Tie-In Fiction seems like a tough racket, all told. It has a mercenary quality and a legacy of literary abortion such that no sensate being could ever entirely trust it. I described the first Mass Effect book as “a volley of Satanic aggression toward the reader,” but it was still “Mass Effect” by definition having been penned by the game’s lead writer. To come in from outside and speak truthfully about that setting without eight or nine years of shared history with the team would be… hard? I’m not sure hard covers it. It’s not impossible, because I’ve seen it done. But it’s not something I would undertake in the absence of concussion or some strange condition whereby I say “yes” when what I actually mean to say is “no.” I don’t see the upside.

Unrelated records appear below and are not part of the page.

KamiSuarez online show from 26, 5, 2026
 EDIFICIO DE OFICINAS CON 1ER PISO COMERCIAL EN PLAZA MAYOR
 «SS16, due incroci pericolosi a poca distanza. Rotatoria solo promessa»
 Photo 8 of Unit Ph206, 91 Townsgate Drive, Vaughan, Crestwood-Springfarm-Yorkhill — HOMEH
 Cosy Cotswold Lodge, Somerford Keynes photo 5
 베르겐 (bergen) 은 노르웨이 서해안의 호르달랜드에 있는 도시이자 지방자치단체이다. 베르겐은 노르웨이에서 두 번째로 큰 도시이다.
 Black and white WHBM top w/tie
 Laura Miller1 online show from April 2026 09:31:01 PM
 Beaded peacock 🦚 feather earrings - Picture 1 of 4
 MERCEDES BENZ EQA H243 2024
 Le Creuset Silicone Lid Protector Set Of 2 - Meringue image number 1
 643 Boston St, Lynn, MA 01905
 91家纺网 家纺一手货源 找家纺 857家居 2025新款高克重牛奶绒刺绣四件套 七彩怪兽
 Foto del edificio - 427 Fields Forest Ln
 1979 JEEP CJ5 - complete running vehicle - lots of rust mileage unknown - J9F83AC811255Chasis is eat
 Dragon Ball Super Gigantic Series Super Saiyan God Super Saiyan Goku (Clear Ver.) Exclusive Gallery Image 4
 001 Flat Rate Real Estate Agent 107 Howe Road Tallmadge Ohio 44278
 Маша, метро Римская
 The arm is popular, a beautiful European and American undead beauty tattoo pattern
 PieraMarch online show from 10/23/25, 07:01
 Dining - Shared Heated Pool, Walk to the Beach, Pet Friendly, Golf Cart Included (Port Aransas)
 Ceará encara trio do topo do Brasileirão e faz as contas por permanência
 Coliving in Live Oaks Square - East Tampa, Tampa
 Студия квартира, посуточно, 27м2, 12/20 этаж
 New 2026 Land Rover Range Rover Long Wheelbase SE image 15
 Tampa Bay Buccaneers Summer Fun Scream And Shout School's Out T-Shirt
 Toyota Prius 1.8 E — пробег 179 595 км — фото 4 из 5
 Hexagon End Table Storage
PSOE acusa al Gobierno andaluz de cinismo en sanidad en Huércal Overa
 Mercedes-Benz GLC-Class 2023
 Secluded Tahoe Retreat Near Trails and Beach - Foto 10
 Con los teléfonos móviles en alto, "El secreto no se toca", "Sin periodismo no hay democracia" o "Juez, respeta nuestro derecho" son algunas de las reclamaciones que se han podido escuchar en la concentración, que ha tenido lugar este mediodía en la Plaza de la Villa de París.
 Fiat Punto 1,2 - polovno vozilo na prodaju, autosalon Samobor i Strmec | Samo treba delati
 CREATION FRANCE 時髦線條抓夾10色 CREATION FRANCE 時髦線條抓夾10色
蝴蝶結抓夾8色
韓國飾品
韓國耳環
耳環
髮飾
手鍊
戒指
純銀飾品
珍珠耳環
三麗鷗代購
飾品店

I have no idea why it arrived, because we’re not on any Capcom list that I know of, but I’ve very nearly completed Resident Evil: Revelations over the last couple days. The main thing I am told you should avoid when discussing games are pronouncements of the form
If you like X, you should like B
because it’s reductive and lazy, etc. I used “et cetera” there because I was lazy, and I deployed the truncation because I am double, super lazy. Please try to act surprised. But I don’t think Revelations wants to be considered in some special light, and having progressed through the lion’s share of it, I don’t think it warrants it. I want to emphasize the extent to which this is not an insult.
I still like Resident Evil. I don’t know if this is normal anymore, but I do. I’ve been playing these games since they materialized as a vague homage to Alone In The Dark, all the way through internal turbulence, taste shifts in the industry, remakes, all of it. Resident Evil has a catechismal dialectic, even if the spell checker doesn’t recognize the word; it provides stimuli and I input the correct response. Its rod, and its staff, they comfort me.
I don’t wonder what it’s for, or what my relationship to it should be; it’s a good example of itself. If you like X, well… I’m sure you can take it from there.